Ricky weighs about 15 pounds and we use the "small" size.

Ricky's Popi


----------



## Jackie from Concrete WA (Mar 23, 2015)

Thanks Ricky's Popi and Chi-Chi's Mom. I'll check them out.


----------



## CaroleG (Aug 13, 2016)

Have the same problem. Have 3 various sizes of curli and loved them. Then came the matts. I will try one of the ones listed above.


----------



## Barbara Levy (Apr 22, 2016)

Chi-Chi's Mom said:


> CollarDirect Rolled Leather Dog Harness Step-In Leash
> Amazon.com : CollarDirect Rolled Leather Dog Harness Step-In Leash Small Puppy (Lime Green, S) : Pet Supplies
> 
> This one was recommended by someone (sorry can't remember who) on a recent thread. I have used it for a couple weeks and it has greatly reduced matting. It took a couple of tries to get the sizing right, but I'm satisfied with it.

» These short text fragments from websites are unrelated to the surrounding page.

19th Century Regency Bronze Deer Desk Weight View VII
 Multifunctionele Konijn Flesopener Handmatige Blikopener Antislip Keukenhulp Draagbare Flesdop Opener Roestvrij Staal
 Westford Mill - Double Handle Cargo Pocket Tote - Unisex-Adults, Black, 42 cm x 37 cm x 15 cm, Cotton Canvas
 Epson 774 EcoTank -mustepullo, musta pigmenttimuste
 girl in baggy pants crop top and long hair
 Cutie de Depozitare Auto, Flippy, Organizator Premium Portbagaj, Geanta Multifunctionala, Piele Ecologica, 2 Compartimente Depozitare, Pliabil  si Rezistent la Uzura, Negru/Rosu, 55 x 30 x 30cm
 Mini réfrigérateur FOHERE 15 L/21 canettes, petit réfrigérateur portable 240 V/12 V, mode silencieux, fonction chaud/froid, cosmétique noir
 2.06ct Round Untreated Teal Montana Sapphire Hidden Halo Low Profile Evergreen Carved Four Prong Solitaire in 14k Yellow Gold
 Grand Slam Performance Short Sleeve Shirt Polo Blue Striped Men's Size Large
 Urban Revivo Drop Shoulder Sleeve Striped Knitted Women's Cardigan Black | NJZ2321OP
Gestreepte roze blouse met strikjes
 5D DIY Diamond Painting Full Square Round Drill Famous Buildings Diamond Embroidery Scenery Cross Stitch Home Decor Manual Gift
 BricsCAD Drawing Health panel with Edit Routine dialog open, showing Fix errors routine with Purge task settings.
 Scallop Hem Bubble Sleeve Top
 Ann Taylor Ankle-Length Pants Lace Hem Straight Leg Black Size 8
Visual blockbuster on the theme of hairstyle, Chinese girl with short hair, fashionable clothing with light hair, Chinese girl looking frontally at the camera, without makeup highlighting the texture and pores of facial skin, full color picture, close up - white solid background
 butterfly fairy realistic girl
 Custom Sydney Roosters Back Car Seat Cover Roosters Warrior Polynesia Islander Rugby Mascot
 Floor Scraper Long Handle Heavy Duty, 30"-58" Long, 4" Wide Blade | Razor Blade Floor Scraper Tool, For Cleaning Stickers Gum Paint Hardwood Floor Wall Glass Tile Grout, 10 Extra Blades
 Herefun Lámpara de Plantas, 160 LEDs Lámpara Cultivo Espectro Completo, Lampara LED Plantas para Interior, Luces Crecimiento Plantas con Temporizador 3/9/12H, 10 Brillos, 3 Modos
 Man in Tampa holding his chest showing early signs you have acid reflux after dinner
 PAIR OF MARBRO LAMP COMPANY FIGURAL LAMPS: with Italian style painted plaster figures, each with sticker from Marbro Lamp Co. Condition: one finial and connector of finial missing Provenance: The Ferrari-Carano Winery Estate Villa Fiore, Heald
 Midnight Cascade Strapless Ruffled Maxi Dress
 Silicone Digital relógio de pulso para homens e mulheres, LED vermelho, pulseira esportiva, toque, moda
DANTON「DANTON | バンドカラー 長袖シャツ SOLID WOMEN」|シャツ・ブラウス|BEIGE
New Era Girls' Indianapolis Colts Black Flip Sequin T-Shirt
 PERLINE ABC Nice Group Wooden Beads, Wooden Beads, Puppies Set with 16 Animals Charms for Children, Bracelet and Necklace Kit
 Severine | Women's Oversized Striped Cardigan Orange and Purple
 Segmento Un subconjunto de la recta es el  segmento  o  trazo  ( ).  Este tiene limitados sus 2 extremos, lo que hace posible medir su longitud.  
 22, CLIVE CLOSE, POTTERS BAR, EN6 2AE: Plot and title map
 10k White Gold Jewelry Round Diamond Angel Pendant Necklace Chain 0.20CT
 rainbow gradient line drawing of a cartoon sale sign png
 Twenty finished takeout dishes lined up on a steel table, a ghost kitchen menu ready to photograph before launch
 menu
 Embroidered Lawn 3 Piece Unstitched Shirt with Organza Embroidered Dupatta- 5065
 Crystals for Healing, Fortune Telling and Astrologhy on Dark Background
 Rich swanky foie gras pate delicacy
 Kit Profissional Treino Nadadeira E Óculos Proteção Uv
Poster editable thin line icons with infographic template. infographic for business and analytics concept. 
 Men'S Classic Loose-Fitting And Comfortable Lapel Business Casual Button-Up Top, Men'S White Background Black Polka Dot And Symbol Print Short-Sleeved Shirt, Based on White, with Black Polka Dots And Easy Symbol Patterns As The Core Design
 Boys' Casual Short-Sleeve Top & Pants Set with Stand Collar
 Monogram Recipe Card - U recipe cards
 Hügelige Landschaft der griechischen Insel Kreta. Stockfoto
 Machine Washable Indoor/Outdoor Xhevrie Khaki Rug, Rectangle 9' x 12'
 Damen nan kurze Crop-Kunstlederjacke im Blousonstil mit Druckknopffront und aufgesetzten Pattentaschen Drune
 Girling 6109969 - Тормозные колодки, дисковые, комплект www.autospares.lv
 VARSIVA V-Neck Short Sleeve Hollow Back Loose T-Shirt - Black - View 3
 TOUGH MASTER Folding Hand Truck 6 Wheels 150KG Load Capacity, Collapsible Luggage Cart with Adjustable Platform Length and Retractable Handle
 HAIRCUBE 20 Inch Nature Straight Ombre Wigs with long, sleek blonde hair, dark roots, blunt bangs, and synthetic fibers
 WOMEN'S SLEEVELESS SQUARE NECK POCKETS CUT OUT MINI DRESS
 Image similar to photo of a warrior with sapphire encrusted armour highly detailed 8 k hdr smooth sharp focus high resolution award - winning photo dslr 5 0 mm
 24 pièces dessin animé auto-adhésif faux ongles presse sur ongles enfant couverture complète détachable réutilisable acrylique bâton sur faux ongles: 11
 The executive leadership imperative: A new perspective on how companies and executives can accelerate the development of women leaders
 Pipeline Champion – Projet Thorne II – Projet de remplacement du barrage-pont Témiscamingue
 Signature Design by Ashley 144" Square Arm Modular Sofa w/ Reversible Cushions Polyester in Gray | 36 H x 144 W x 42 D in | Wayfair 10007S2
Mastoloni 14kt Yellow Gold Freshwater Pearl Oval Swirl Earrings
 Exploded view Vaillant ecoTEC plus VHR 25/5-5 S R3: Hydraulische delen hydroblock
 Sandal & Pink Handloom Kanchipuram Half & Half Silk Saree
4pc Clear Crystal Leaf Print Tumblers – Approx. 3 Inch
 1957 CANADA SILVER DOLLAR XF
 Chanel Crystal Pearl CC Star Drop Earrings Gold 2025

I am the one using the rolled leather dog harness. I had Loki in a small but after his haircut today I may order an xs. He seems so tiny.


----------



## 31818 (Oct 29, 2014)

Barbara Levy said:


> I had Loki in a small but after his haircut today I may order an xs. He seems so tiny.


ound: When we give Ricky a bath and all wet, he looks like a Chihuahua!

Ricky's Popi


----------



## jingerb (Aug 9, 2015)

Ricky Ricardo said:


> ound: When we give Ricky a bath and all wet, he looks like a Chihuahua!
> 
> Ricky's Popi


Don't yu sat dat 'bout my brudder! 
We R cute and tuff wet or dry! 
Wuv,
Stanley Frederick


----------